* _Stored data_
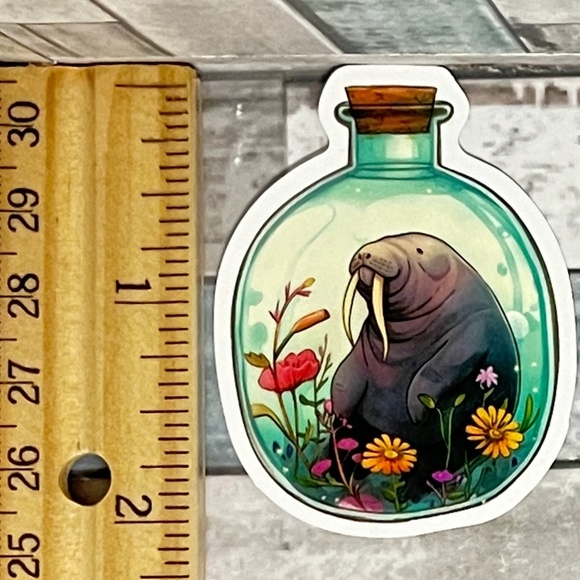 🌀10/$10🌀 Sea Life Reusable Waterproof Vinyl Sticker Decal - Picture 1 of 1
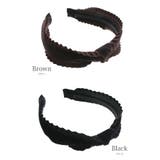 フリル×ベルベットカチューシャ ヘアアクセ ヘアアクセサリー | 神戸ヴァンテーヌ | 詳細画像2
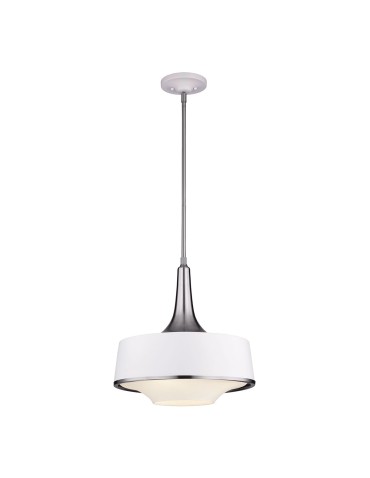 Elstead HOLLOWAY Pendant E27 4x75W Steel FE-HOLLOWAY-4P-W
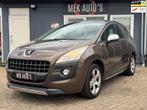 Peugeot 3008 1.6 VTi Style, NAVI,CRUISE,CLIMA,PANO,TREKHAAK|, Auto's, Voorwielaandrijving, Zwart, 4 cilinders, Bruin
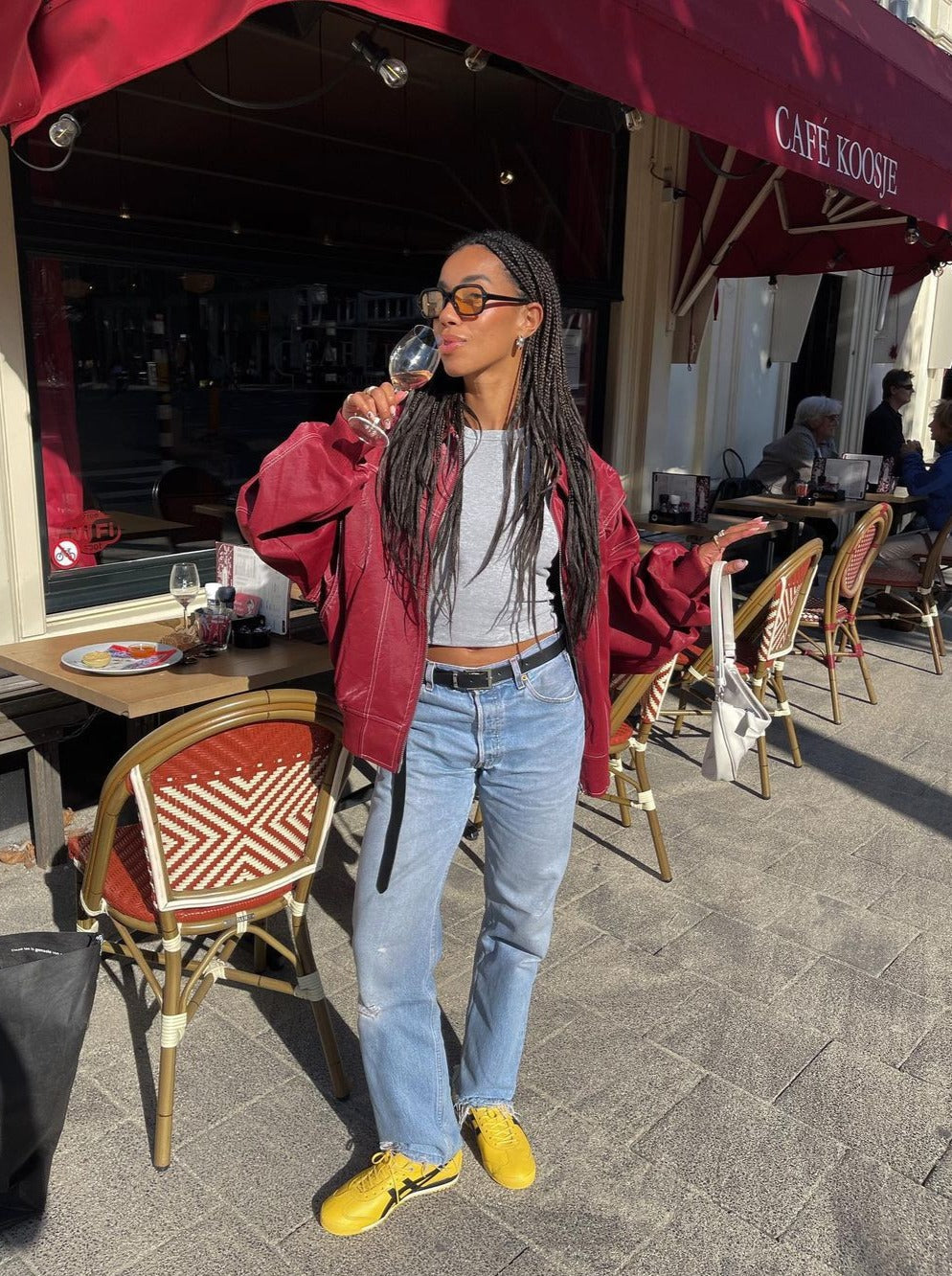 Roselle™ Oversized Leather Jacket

==

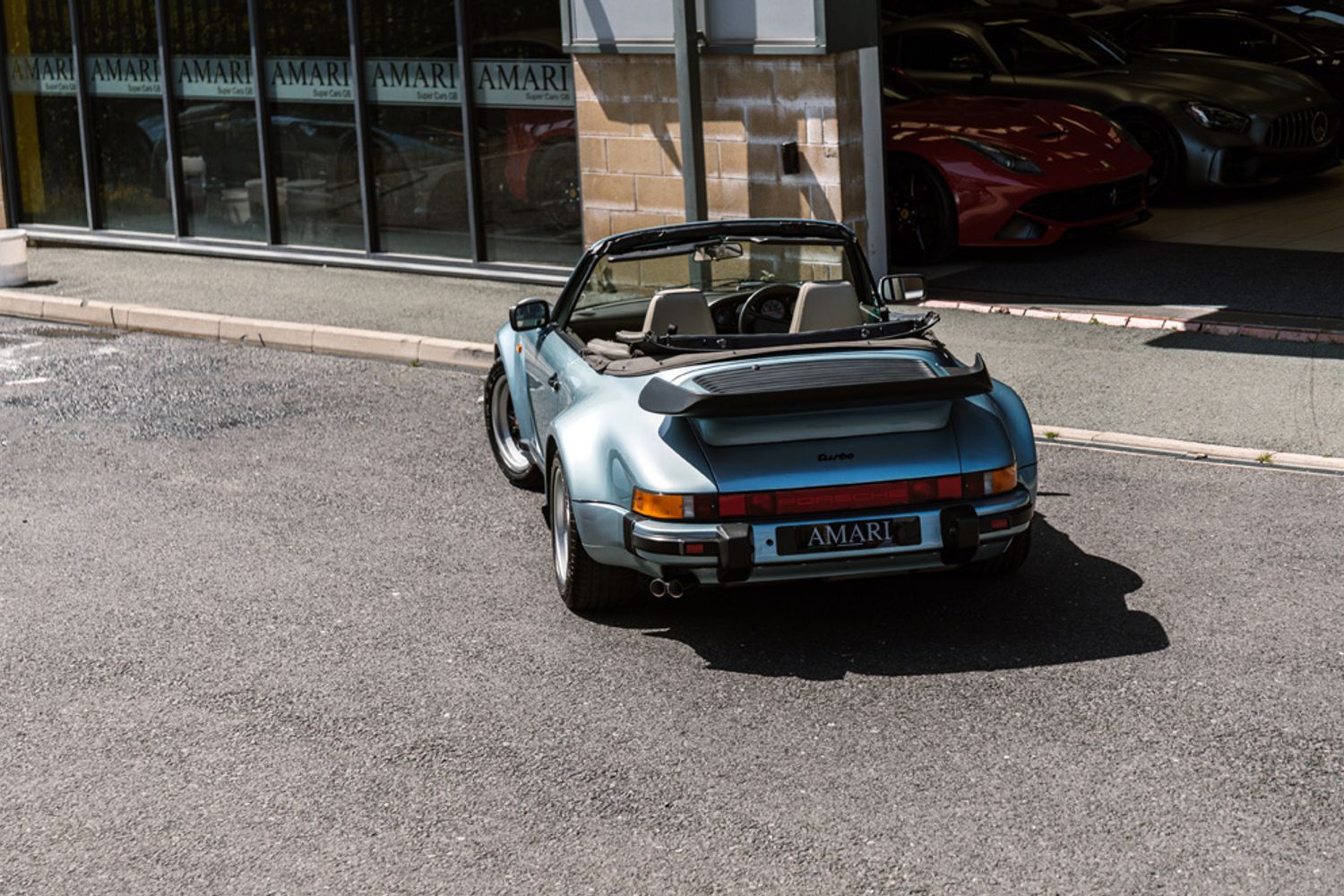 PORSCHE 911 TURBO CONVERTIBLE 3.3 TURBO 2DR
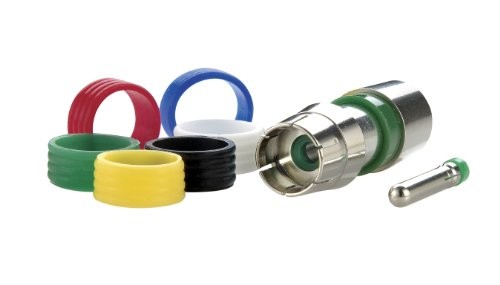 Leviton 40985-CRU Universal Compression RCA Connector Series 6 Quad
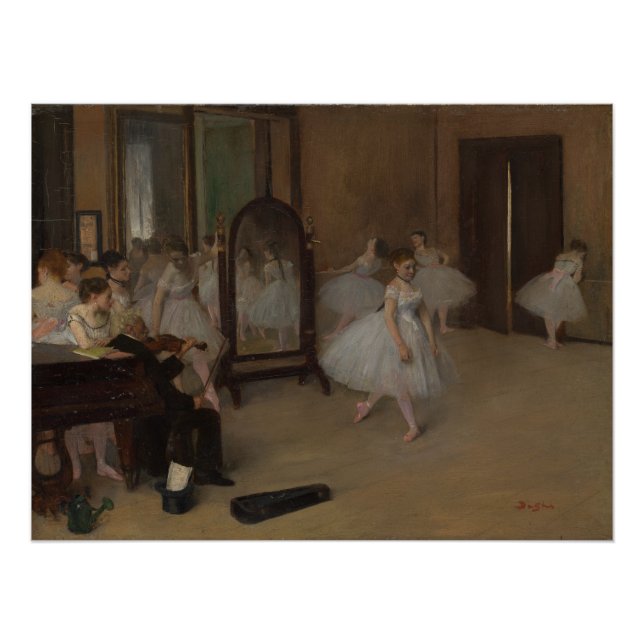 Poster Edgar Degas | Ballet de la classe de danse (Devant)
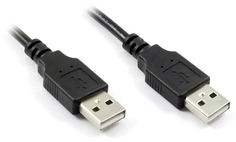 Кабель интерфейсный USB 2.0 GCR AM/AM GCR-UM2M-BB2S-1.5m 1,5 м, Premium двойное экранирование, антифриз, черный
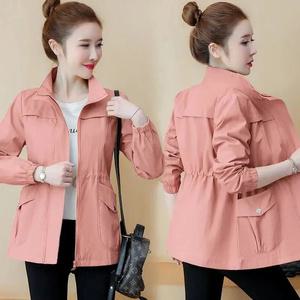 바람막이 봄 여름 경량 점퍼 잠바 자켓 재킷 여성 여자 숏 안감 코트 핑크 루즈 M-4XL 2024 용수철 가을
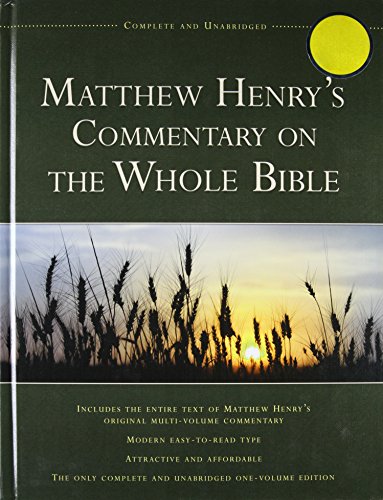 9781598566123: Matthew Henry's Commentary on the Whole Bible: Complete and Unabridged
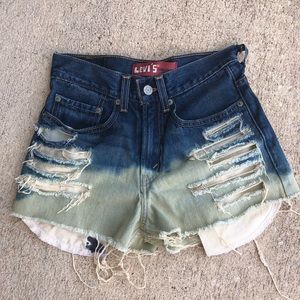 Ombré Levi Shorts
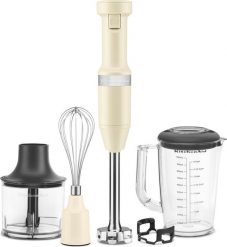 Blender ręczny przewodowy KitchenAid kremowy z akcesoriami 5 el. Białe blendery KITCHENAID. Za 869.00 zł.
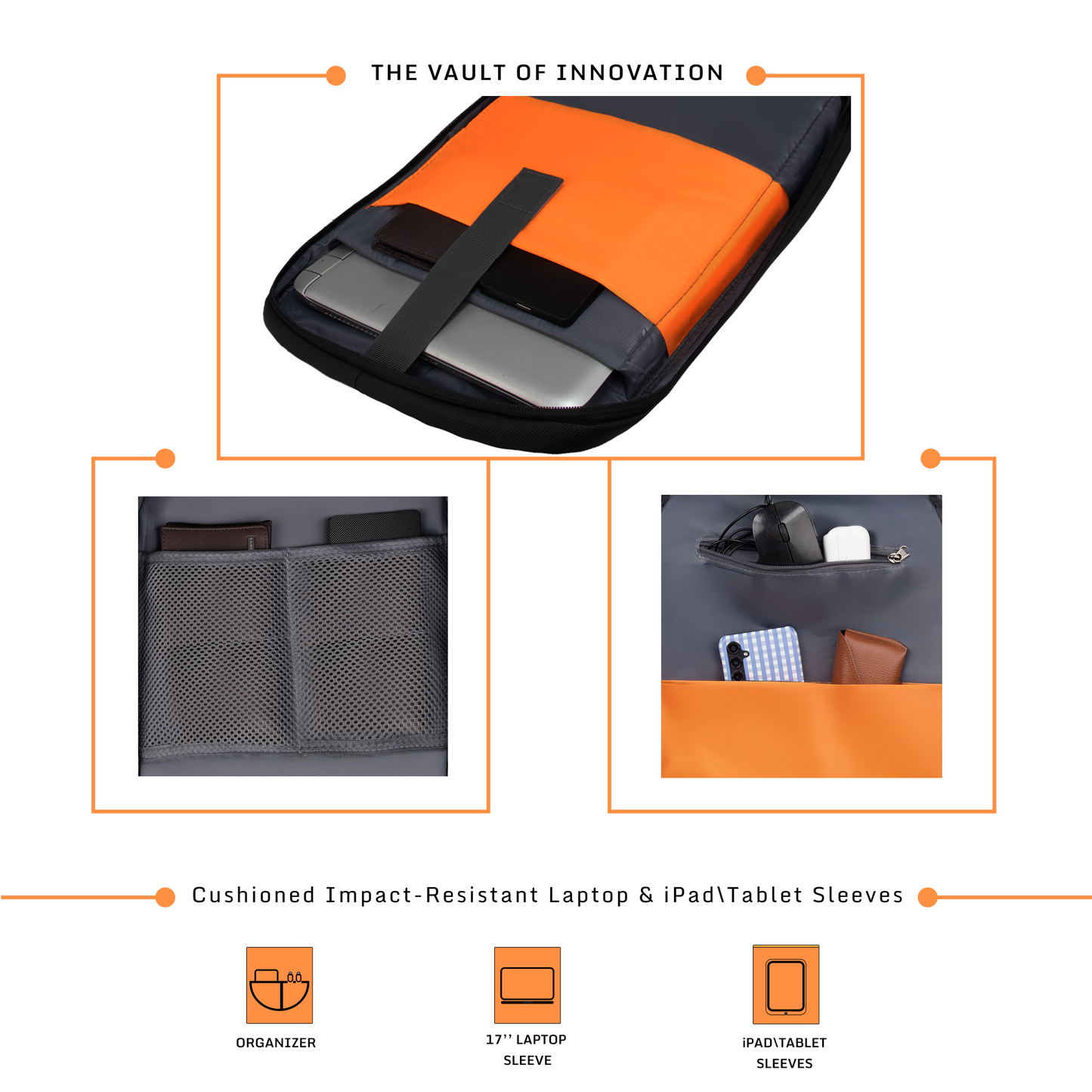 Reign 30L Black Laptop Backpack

--

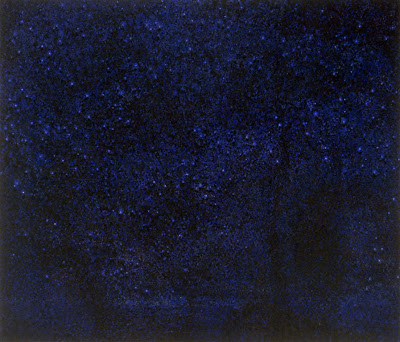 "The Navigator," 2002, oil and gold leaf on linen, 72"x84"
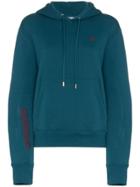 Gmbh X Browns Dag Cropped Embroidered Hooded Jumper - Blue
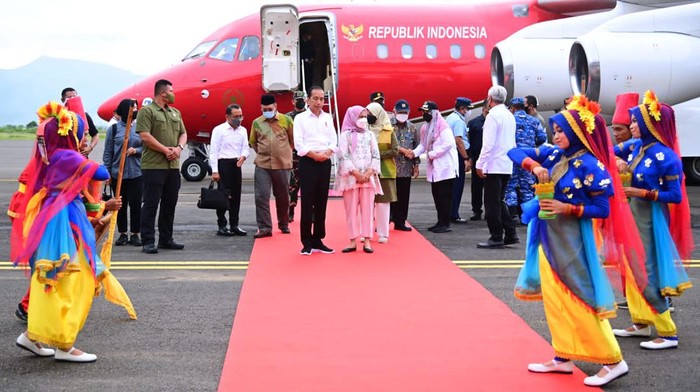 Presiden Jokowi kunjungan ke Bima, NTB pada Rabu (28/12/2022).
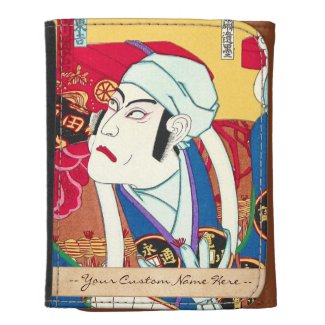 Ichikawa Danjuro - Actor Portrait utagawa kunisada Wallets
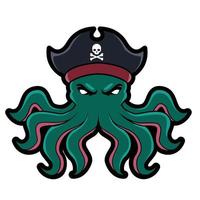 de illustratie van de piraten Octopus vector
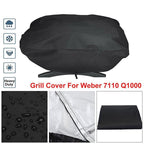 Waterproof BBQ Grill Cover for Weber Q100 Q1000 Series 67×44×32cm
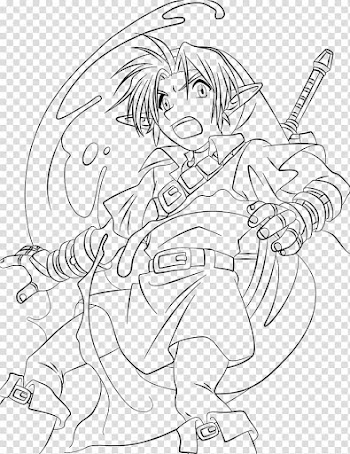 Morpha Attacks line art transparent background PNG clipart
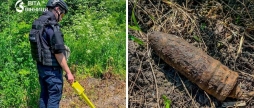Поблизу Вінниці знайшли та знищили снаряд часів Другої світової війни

* _Problem to solve_
Repeat, without pictures, exactly the lines of the data above from the one containing "Кабель интерфейсный USB" through the one containing "Reign 30L Black Laptop Backpack", including both and adding nothing.

* _Answer to the problem_
 Кабель интерфейсный USB 2.0 GCR AM/AM GCR-UM2M-BB2S-1.5m 1,5 м, Premium двойное экранирование, антифриз, черный
 바람막이 봄 여름 경량 점퍼 잠바 자켓 재킷 여성 여자 숏 안감 코트 핑크 루즈 M-4XL 2024 용수철 가을
 9781598566123: Matthew Henry's Commentary on the Whole Bible: Complete and Unabridged
 Ombré Levi Shorts
 Blender ręczny przewodowy KitchenAid kremowy z akcesoriami 5 el. Białe blendery KITCHENAID. Za 869.00 zł.
 Reign 30L Black Laptop Backpack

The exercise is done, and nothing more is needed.